Yahoo Finance takes a moderately deep dive into the home building sector, parsing the numbers surrounding the Zacks Building Products – Home Builders index. Here are three major themes it outlines:
- The U.S. housing industry has been reaping benefits from the U.S. Federal Reserve’s dovish monetary stance. Lower mortgage rates have been spurring demand in this rate-sensitive housing market. This, along with a stable economy, rising disposable income and favorable demographic changes are continuing to support demand.
- Raw material prices — which have been increasing over the past few months due to the initial effects of tariffs on items like steel, aluminum and softwood lumber — are now decreasing. This should provide a meaningful boost to margins in the near term. According to an Associated Builders and Contractors’ analysis of information provided by the U.S. Bureau of Labor Statistics, construction material prices dropped 2.2% on a yearly basis in October 2019.
- However, despite the fact that declining mortgage rates and lower housing prices have been driving traffic after a tough second half of 2018, the conversion of that traffic into signing of purchase contracts slowed down in the high-end housing market.

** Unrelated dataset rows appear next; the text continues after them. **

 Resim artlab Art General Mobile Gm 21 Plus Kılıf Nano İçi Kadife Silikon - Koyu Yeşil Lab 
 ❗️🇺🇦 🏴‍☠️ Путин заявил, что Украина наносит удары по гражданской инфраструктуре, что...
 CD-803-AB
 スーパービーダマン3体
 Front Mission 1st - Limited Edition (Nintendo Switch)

Softness in home purchases in this particular segment, in response to affordability challenges and general market uncertainty, are impacting the order flow of luxury home builders like Toll Brothers. Again, shortage of skilled labor is a pressing concern. Home builders continue to be cautiously optimistic about the industry’s prospects owing to rising land and labor costs. Again, rising incentives to drive sales are eating into margins.